Official implementation of the paper

Rethinking Inductive Biases for Surface Normal Estimation
CVPR 2024 [oral]
Gwangbin Bae and Andrew J. Davison
[paper.pdf] [arXiv] [youtube] [project page]

Abstract

Despite the growing demand for accurate surface normal estimation models, existing methods use general-purpose dense prediction models, adopting the same inductive biases as other tasks. In this paper, we discuss the inductive biases needed for surface normal estimation and propose to (1) utilize the per-pixel ray direction and (2) encode the relationship between neighboring surface normals by learning their relative rotation. The proposed method can generate crisp — yet, piecewise smooth — predictions for challenging in-the-wild images of arbitrary resolution and aspect ratio. Compared to a recent ViT-based state-of-the-art model, our method shows a stronger generalization ability, despite being trained on an orders of magnitude smaller dataset.

Getting started

We provide the instructions in four steps (click "▸" to expand). For example, if you just want to test DSINE on some images, you can stop after Step 1. This would minimize the amount of installation/downloading.

Step 1. Test DSINE on some images (requires minimal dependencies)

Start by installing dependencies.

conda create --name DSINE python=3.10
conda activate DSINE

conda install pytorch torchvision torchaudio pytorch-cuda=12.1 -c pytorch -c nvidia
python -m pip install geffnet

Then, download the model weights from this link and save it under projects/dsine/checkpoints/. Note that it should maintain the same folder structure as the google drive. For example, checkpoints/exp001_cvpr2024/dsine.pt (in google drive) is our best model. It should be saved as projects/dsine/checkpoints/exp001_cvpr2024/dsine.pt. The corresponding config file is projects/dsine/experiments/exp001_cvpr2024/dsine.txt.

The models under checkpoints/exp002_kappa/ (in google drive) are the ones that can also estimate uncertainty.

Then, move to the folder projects/dsine/, and run

python test_minimal.py ./experiments/exp001_cvpr2024/dsine.txt

This will generate predictions for the images under projects/dsine/samples/img/. The result will be saved under projects/dsine/samples/output/.

Our model assumes known camera intrinsics, but providing approximate intrinsics still gives good results. For some images in projects/dsine/samples/img/, the corresponding camera intrinsics (fx, fy, cx, cy - assuming perspective camera with no distortion) is provided as a .txt file. If such a file does not exist, the intrinsics will be approximated, by assuming $60^\circ$ field-of-view.

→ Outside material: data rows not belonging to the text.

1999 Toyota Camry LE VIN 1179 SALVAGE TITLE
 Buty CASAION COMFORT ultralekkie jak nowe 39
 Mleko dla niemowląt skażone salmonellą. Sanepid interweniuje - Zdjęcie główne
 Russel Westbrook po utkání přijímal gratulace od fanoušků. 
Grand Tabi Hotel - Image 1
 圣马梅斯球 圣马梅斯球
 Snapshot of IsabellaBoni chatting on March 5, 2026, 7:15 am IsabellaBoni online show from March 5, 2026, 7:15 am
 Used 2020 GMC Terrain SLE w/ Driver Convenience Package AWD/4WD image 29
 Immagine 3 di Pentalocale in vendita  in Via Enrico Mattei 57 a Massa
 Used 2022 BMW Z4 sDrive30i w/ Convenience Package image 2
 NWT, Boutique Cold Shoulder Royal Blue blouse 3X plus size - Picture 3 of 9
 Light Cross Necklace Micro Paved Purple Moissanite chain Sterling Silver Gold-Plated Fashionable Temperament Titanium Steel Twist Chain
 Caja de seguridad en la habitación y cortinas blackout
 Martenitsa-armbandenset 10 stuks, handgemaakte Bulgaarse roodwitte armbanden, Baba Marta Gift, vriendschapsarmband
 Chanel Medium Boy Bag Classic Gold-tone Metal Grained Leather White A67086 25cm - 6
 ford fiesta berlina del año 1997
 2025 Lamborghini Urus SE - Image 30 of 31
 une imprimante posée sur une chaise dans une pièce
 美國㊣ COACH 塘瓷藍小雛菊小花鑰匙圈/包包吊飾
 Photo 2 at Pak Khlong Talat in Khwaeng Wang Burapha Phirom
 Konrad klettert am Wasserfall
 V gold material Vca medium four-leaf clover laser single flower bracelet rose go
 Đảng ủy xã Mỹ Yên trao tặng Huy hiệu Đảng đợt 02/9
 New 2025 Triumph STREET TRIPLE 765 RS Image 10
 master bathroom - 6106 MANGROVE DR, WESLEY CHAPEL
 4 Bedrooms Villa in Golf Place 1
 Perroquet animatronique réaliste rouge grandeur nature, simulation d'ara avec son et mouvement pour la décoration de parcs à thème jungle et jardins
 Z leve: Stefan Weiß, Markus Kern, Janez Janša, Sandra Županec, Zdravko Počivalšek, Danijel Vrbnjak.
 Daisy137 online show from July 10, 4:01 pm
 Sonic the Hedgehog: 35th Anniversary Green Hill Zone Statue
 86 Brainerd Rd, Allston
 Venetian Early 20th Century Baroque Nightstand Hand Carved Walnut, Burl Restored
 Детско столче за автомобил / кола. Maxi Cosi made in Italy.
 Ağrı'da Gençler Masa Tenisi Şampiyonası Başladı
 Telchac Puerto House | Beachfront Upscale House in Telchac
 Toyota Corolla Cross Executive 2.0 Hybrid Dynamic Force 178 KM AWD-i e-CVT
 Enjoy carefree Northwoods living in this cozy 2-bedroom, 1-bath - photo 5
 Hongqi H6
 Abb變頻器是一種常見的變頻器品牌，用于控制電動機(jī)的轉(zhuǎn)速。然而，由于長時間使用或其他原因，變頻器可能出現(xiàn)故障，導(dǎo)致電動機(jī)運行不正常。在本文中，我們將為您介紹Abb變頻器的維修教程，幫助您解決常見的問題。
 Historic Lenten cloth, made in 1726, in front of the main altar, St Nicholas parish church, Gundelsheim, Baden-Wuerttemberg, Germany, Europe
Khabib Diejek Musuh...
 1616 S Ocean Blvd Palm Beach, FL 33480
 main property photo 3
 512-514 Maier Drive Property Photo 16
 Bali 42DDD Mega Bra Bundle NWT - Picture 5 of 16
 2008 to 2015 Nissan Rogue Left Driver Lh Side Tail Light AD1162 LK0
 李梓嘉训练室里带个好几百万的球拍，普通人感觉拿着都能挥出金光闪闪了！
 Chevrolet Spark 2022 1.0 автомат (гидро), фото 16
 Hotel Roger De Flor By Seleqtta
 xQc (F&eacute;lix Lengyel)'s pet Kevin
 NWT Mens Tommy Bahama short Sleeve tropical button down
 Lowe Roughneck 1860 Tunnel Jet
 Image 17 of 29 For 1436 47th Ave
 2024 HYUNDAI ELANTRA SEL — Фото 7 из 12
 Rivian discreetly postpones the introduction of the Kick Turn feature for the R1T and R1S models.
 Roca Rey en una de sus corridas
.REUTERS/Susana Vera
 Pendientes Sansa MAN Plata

Step 2. Test DSINE on benchmark datasets & run a real-time demo

Install additional dependencies.

python -m pip install tensorboard
python -m pip install opencv-python
python -m pip install matplotlib

python -m pip install pyrealsense2    # needed only for demo using a realsense camera
python -m pip install vidgear         # needed only for demo on YouTube videos
python -m pip install yt_dlp          # needed only for demo on YouTube videos
python -m pip install mss             # needed only for demo on screen capture

Download the evaluation datasets (dsine_eval.zip) from this link.

NOTE: By downloading the dataset, you are agreeing to the respective LICENSE of each dataset. The link to the dataset can be found in the respective readme.txt.

If you go to projects/__init__.py, there is a variable called DATASET_DIR and EXPERIMENT_DIR:

  • DATASET_DIR is where your dataset should be stored. For example, the dsine_eval dataset (downloaded from the link above) should be saved under DATASET_DIR/dsine_eval. Update this variable.
  • EXPERIMENT_DIR is where the experiments (e.g. model weights, log, etc) will be saved. Update this variable.

Then, move to the folder projects/dsine/, and run:

# getting benchmark performance on the six evaluation datasets
python test.py ./experiments/exp001_cvpr2024/dsine.txt --mode benchmark

# getting benchmark performance on the six evaluation datasets (with visualization)
# it will be saved under EXPERIMENT_DIR/dsine/exp001_cvpr2024/dsine/test/
python test.py ./experiments/exp001_cvpr2024/dsine.txt --mode benchmark --visualize

# generate predictions for the images in `projects/dsine/samples/img/
python test.py ./experiments/exp001_cvpr2024/dsine.txt --mode samples

# measure the throughput (inference speed) on your device
python test.py ./experiments/exp001_cvpr2024/dsine.txt --mode throughput

You can also run a real-time demo by running:

# captures your screen and makes prediction
python test.py ./experiments/exp001_cvpr2024/dsine.txt --mode screen

# demo using webcam
python test.py ./experiments/exp001_cvpr2024/dsine.txt --mode webcam

# demo using a realsense camera
python test.py ./experiments/exp001_cvpr2024/dsine.txt --mode rs

# demo on a Youtube video (replace with a different link)
python test.py ./experiments/exp001_cvpr2024/dsine.txt --mode https://www.youtube.com/watch?v=X-iEq8hWd6k

For each input option, there are some additional parameters. See projects/dsine/test.py for more information.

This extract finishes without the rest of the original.